LAUSR

BACKGROUND Graves ophthalmopathy (GO) is one of the remaining enigmas in thyroidology. Glucocorticoids (GCs) are strongly recommended but their effects are not completely satisfactory and adverse reactions can occur. Tripterygium glycosides (TG) is a promising component extracted from Tripterygium wilfordii Hook F (TwHF), and numerous patients with GO have benefited from it. However, its practical application value is still unclear. The aim of this systematic review and meta-analysis was to investigate the efficacy and safety of TG for patients with GO. METHODS By retrieving the PubMed, Embase, the Cochrane Library, CNKI, VIP, CBM, and WanFang Databases, the open published randomized controlled trials (RCTs) related to TG in the treatment of GO were collected. And inclusion and exclusion criteria were established. The Cochrane bias risk assessment tool conducts the evaluation of included studies, and meta-analysis was performed using Revman 5.3 software. TRIAL REGISTRATION NUMBER PROSPERO CRD42019131915. RESULTS A total of 19 trials (involving 1517 GO patients) were included in this review with generally acceptable validity of included RCTs. TG therapy brought about a significantly higher efficacy rate compared with non-TG treatments (RR: 1.40; 95% CI: 1.31-1.49).

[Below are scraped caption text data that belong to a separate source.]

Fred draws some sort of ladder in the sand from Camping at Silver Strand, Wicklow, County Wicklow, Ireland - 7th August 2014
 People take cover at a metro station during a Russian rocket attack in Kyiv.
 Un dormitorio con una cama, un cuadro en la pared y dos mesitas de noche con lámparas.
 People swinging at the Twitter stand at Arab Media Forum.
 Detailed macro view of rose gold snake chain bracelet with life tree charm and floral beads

Subgroup meta-analysis showed that TG with or without immunosuppressive therapies were all better than controls: with GC (RR: 1.36; 95% CI: 1.27-1.46), with multiple intensification of immunosuppressive therapies (RR: 1.91; 95% CI: 1.37-2.67), with no immunosuppressive therapies (RR: 1.39; 95% CI:1.21-1.59); the dosage of TG for 15-60 mg/d (RR: 1.41; 95% CI: 1.30-1.53) were better compared with for ≥90 mg/d (RR: 1.47; 95% CI: 1.29-1.68); the course of treatment for ≤3 months (RR: 1.43; 95% CI: 1.33-1.52) was better than controls, but when >3 months (RR: 1.15; 95% CI: 0.94-1.41) there was no significant differences. After treatment, the degree of exophthalmus (SMD: -2.55; 95% CI: -2.93 to 2.17), the recurrence rate of 1 year (RR: 0.45; 95% CI: 0.27-0.74), and adverse reactions rate (RR: 0.32; 95% CI: 0.20-0.53) were all lower, while the CAS was no obvious gap in 2 groups (SMD: 0.08; 95% CI: -0.60 to 0.75). CONCLUSIONS This review found that TG has some advantages in treating GO, especially in improving clinical efficacy and reducing adverse reactions. Nevertheless, large sample, multi-center, reasonable design, and high quality clinical studies are still needed for further verification.